- _TASK_
Return only that part of the material below which starts with the line containing "Lanterne de table" and goes on through the line containing "Vision Test Chart", restated exactly.

- _PROVIDED ENTRIES_
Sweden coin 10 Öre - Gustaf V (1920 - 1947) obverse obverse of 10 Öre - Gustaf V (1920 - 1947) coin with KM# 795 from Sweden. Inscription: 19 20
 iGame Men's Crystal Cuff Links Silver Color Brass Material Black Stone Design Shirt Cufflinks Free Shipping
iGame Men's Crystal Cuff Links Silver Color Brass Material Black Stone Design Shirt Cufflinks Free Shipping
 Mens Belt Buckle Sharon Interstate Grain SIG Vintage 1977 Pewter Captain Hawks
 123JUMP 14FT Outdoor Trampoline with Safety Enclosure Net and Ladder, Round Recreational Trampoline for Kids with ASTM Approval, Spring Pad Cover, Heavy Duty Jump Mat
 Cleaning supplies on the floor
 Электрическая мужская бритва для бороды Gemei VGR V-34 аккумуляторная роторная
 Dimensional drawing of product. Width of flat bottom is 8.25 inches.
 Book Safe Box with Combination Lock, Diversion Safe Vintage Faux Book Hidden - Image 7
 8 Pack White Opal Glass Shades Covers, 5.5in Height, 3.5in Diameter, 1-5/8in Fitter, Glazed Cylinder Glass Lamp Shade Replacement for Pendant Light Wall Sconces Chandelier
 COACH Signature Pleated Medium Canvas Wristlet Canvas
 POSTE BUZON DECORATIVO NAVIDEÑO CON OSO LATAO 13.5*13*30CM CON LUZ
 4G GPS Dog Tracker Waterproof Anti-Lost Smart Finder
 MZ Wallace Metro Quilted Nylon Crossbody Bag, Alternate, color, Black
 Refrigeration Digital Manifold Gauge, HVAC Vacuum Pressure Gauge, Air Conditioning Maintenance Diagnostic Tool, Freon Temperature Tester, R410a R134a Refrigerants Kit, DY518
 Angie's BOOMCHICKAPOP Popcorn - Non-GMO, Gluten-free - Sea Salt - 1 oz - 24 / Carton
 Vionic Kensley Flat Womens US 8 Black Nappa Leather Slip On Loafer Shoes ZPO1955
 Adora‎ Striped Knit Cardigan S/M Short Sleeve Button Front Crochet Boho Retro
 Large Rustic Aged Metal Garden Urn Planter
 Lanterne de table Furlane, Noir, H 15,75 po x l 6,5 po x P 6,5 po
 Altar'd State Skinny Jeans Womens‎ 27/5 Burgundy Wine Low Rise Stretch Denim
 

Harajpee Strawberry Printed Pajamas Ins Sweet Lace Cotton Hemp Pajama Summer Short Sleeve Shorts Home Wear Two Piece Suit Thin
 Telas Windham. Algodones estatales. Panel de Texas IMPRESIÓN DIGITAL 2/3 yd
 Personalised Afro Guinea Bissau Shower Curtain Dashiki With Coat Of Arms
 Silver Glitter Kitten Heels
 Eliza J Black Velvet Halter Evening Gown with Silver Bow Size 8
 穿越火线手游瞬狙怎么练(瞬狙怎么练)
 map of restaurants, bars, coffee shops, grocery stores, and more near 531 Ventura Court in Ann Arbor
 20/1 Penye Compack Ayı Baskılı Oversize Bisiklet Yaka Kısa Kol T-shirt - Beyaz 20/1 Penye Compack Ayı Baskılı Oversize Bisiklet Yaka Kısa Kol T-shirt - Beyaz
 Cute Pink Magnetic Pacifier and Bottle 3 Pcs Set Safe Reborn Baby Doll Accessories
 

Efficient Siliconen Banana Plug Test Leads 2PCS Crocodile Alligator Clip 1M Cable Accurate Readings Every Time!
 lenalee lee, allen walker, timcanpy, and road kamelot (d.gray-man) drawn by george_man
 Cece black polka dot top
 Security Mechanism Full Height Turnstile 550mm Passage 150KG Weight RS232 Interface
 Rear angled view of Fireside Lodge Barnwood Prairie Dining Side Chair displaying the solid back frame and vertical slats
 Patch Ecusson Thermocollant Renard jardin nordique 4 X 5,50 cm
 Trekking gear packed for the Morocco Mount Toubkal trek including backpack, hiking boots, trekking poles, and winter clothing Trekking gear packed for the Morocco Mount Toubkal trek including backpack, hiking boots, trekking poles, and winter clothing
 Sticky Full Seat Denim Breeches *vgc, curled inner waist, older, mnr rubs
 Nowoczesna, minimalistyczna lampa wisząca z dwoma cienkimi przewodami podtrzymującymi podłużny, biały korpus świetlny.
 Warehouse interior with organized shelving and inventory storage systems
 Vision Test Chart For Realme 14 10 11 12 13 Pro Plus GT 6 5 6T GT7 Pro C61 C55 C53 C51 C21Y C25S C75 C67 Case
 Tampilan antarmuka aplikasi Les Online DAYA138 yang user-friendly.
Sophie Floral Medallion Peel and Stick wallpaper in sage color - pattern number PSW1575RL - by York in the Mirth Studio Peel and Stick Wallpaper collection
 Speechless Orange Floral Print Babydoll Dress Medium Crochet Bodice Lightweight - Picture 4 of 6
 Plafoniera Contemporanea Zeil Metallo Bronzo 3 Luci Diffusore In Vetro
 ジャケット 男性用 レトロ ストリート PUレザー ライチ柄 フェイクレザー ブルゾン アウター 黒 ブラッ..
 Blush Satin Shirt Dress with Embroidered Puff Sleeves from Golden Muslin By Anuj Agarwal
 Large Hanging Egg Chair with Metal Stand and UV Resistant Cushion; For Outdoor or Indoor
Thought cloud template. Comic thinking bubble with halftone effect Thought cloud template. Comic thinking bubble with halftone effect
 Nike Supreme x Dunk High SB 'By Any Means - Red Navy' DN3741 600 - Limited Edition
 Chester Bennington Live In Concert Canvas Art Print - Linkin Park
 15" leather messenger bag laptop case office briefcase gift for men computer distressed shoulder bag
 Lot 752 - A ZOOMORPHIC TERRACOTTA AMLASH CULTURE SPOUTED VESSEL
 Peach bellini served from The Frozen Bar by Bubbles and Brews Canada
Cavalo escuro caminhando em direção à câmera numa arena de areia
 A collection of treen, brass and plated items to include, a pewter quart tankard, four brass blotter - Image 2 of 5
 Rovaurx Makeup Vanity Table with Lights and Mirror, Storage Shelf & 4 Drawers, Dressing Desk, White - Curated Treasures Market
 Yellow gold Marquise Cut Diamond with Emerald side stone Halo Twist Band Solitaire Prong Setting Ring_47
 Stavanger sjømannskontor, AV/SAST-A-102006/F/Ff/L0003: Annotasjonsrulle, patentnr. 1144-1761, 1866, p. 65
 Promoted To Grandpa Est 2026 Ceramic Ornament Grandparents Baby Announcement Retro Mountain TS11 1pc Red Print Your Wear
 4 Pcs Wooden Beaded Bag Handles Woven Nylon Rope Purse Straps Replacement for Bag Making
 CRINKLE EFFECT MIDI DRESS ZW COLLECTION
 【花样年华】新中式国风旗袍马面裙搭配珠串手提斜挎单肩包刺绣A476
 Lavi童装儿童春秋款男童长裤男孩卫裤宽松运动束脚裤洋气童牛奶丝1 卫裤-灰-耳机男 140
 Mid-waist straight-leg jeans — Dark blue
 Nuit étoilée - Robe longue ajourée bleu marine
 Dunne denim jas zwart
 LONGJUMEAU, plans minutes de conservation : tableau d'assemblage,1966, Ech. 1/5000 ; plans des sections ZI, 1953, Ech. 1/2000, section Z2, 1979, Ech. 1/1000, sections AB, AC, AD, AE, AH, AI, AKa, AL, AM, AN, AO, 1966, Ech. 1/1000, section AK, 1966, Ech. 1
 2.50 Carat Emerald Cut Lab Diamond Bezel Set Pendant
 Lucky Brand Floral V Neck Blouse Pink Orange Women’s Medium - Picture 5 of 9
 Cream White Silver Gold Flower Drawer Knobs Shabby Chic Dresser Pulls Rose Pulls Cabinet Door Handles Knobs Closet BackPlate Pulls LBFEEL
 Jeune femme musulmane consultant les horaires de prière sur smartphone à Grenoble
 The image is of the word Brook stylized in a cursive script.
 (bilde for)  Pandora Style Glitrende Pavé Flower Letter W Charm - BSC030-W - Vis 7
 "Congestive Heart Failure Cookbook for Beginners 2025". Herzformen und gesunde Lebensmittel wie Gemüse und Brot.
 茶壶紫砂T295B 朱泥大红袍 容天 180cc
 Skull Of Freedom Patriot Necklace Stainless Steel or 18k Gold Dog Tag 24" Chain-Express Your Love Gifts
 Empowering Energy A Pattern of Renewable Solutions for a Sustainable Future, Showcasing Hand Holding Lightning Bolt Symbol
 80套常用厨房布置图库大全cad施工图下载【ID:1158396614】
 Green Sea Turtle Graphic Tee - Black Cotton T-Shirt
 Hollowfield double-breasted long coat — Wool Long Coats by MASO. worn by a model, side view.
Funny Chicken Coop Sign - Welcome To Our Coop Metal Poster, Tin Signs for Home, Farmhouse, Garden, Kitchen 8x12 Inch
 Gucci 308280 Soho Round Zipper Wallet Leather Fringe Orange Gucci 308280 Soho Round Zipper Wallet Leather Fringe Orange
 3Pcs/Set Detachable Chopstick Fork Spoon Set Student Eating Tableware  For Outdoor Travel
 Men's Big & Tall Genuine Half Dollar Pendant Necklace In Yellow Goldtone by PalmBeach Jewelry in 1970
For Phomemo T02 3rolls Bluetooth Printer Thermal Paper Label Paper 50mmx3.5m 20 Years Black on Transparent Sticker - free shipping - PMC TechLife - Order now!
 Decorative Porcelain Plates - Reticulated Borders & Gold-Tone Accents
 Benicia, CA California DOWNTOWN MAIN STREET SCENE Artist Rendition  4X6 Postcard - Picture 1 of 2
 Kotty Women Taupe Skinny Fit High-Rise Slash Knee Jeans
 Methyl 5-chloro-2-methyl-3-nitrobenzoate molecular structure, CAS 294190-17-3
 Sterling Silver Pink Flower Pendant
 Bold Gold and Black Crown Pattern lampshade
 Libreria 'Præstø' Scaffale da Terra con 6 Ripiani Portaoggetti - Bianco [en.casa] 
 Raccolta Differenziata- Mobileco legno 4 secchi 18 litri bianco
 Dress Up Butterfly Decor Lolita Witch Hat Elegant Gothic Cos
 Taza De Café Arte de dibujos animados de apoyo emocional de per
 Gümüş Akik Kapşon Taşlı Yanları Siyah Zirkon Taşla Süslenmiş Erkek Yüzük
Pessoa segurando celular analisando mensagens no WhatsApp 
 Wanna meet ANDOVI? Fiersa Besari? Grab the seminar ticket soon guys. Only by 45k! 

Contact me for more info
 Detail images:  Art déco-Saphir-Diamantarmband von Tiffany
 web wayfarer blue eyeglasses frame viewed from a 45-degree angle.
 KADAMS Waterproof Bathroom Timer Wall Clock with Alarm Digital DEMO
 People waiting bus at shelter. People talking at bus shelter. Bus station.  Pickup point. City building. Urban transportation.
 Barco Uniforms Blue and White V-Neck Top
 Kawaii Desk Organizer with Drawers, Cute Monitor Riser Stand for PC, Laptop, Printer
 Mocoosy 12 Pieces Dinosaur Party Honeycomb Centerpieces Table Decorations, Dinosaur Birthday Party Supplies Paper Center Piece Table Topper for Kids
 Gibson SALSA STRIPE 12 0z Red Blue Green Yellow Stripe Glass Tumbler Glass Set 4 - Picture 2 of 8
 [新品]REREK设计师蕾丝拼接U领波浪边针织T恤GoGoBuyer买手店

- _EXERCISE SOLUTION_
 Lanterne de table Furlane, Noir, H 15,75 po x l 6,5 po x P 6,5 po
 Altar'd State Skinny Jeans Womens‎ 27/5 Burgundy Wine Low Rise Stretch Denim
 

Harajpee Strawberry Printed Pajamas Ins Sweet Lace Cotton Hemp Pajama Summer Short Sleeve Shorts Home Wear Two Piece Suit Thin
 Telas Windham. Algodones estatales. Panel de Texas IMPRESIÓN DIGITAL 2/3 yd
 Personalised Afro Guinea Bissau Shower Curtain Dashiki With Coat Of Arms
 Silver Glitter Kitten Heels
 Eliza J Black Velvet Halter Evening Gown with Silver Bow Size 8
 穿越火线手游瞬狙怎么练(瞬狙怎么练)
 map of restaurants, bars, coffee shops, grocery stores, and more near 531 Ventura Court in Ann Arbor
 20/1 Penye Compack Ayı Baskılı Oversize Bisiklet Yaka Kısa Kol T-shirt - Beyaz 20/1 Penye Compack Ayı Baskılı Oversize Bisiklet Yaka Kısa Kol T-shirt - Beyaz
 Cute Pink Magnetic Pacifier and Bottle 3 Pcs Set Safe Reborn Baby Doll Accessories
 

Efficient Siliconen Banana Plug Test Leads 2PCS Crocodile Alligator Clip 1M Cable Accurate Readings Every Time!
 lenalee lee, allen walker, timcanpy, and road kamelot (d.gray-man) drawn by george_man
 Cece black polka dot top
 Security Mechanism Full Height Turnstile 550mm Passage 150KG Weight RS232 Interface
 Rear angled view of Fireside Lodge Barnwood Prairie Dining Side Chair displaying the solid back frame and vertical slats
 Patch Ecusson Thermocollant Renard jardin nordique 4 X 5,50 cm
 Trekking gear packed for the Morocco Mount Toubkal trek including backpack, hiking boots, trekking poles, and winter clothing Trekking gear packed for the Morocco Mount Toubkal trek including backpack, hiking boots, trekking poles, and winter clothing
 Sticky Full Seat Denim Breeches *vgc, curled inner waist, older, mnr rubs
 Nowoczesna, minimalistyczna lampa wisząca z dwoma cienkimi przewodami podtrzymującymi podłużny, biały korpus świetlny.
 Warehouse interior with organized shelving and inventory storage systems
 Vision Test Chart For Realme 14 10 11 12 13 Pro Plus GT 6 5 6T GT7 Pro C61 C55 C53 C51 C21Y C25S C75 C67 Case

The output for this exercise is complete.